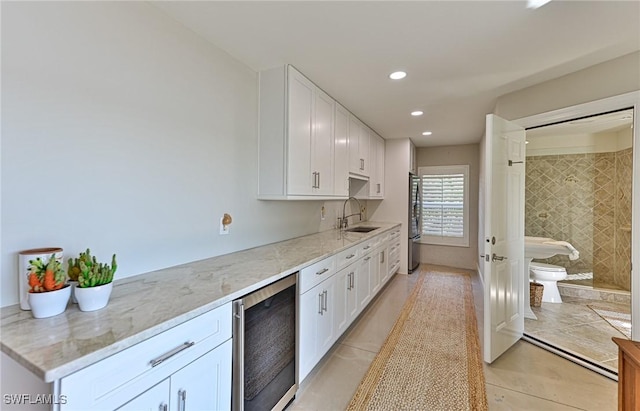 kitchen with white cabinets, stainless steel fridge, sink, and beverage cooler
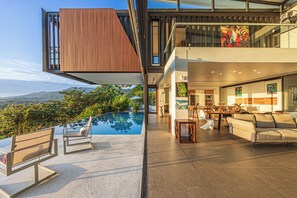 Uma casa moderna com piscina, área de estar externa e espaço para refeições.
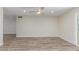 Bright, open living room with wood floors, ceiling fan and neutral paint at 845 E Hampton Ave, Mesa, AZ 85204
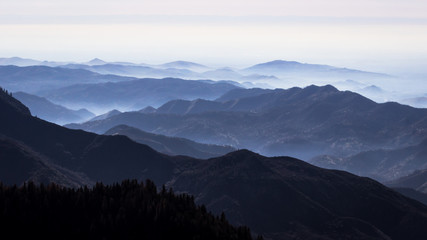 Dark view from Sequoia National Park with mountain scenery in dark blue with different shades, CA, USA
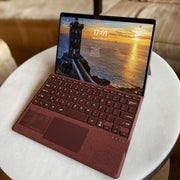 Mobee burgundy Surface Pro keyboard cover in use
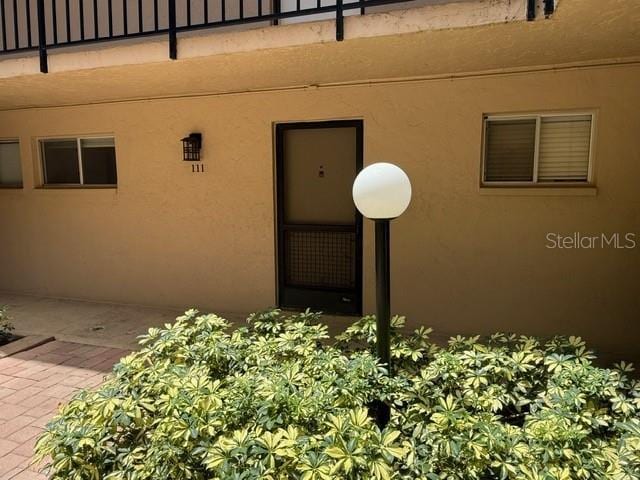 2763 Woodgate Ln Unit 111, Sarasota, FL 34231 - doorway to property featuring stucco siding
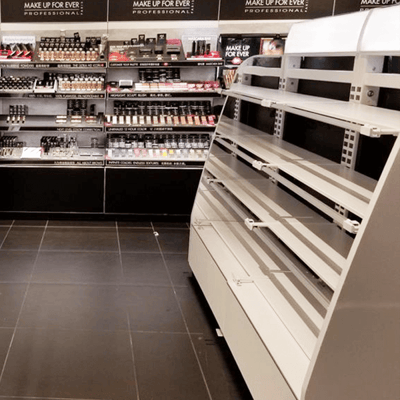 White metal cosmetics cabinet inside of a Sephora cosmetics store with colorful cosmetics on display in the background.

###

WORK ITEM: Output must match the lines from the start of the records above through the line that contains "Mobee burgundy Surface", exactly and with every picture removed.

RESULT:
 kitchen with white cabinets, stainless steel fridge, sink, and beverage cooler
 Uma casa moderna com piscina, área de estar externa e espaço para refeições.
 Bright, open living room with wood floors, ceiling fan and neutral paint at 845 E Hampton Ave, Mesa, AZ 85204
 Dark view from Sequoia National Park with mountain scenery in dark blue with different shades, CA, USA
 Mobee burgundy Surface Pro keyboard cover in use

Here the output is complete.